Loin de pouvoir comme ce dernier « inventer des catachrèses qui empalent, des métonymies qui grillent les pieds, des synecdoques qui arrachent les ongles, des ironies qui déchirent les sinuosités du râble, des litotes qui écorchent vif, des périphrases qui émasculent et des hyperboles de plomb fondu », il ne m’en est pas moins venu une mauvaise réflexion. Face aux adultes pédalant comme des forcenés sur des vélos d’enfants − le bicross −, aux araignées humaines s’adonnant à l’escalade, au kayak cross, ce dérivé de « Rollerball » en eau vive, j’ai eu à chaque fois l’impression d’assister à la naissance d’un produit dérivé de sport, c’est-à-dire une excroissance d’une discipline ancienne reconfigurée pour que le public dans le stade ou devant son écran hurle plus fort qu’à l’accoutumée.
En un mot, un ersatz, un dérivatif épileptique, un objet marketé en plastique, impression déjà vécue ces derniers temps avec l’émergence du padel qui est au tennis ce que le sapin désodorisant des automobiles est à l’Amazonie. Où est le problème ? me rétorquera-t-on. Mais le temps, le temps, vous répondrait notre vieil ami Marcel Proust. Le temps, cette composante essentielle de la mystique sportive (à cet égard on peut toujours relire Serge Daney) n’est plus perdu ni gagné, il a purement et simplement disparu ! Peut-on lire un seul de ses effets sur les athlètes pendant ces compétitions, peut-on lire une seule émotion sur leur visage, un signe d’effort, un air de concentration peut-être, de joie, ne serait-ce que la manifestation d’une quelconque intériorité ? Peut-on même réfléchir à ce qui se déroule sous nos yeux ?
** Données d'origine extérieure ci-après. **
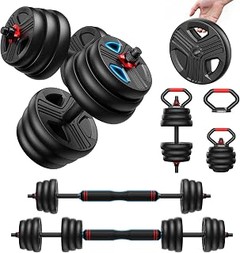 Mancuernas ajustables para entrenamiento funcional en casa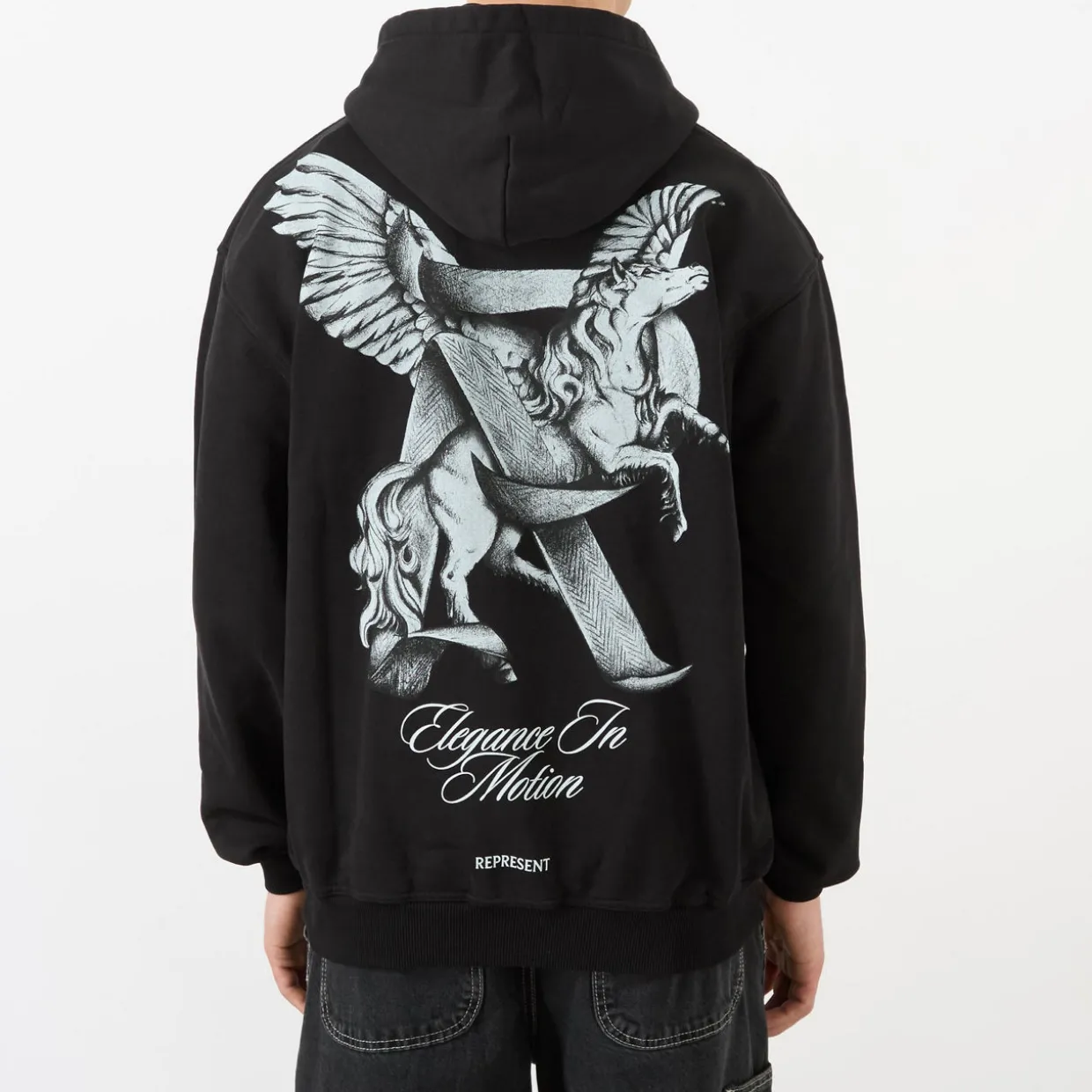 Elegance in Motion Logo Hoodie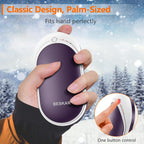 Beskar Rechargeable Hand Warmer, Electric Hand Heater, Double-Sided Heating, Usb Quick Charge, Portable Pocket Hand Warmer For O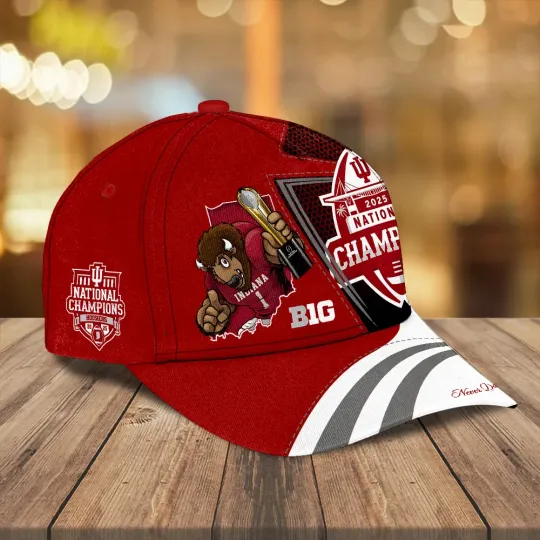 Discover Hoosiers Football 2025 National Champions Classic Cap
Non, on consomme, on avale, on binge des sports indéchiffrables, contrefaçons de pratiques autrement complexes, des sports sans visages qui pourraient être pratiqués par des machines. Ainsi, une médaille d’or d’escalade sportive a été remportée au cours d’une « ascension » ayant duré… 6,06 secondes… Assez loin donc de l’ascèse des grimpeurs prônée chez James Salter. Qu’on ne nous dise pas qu’il s’agit là d’un article rédigé par un rat de bibliothèque aigri, cet été, le rongeur à lunettes a pratiqué la marche, le kayak, le tennis de table et le porter de sacs de voyage. Autant de petits efforts permettant justement d’apprécier les grands, enfin du moins lorsqu’ils ne sont pas formatés pour les regards et les cerveaux atrophiés de ceux que le père Léon Bloy appelait dans sa correspondance les « insectes captifs ».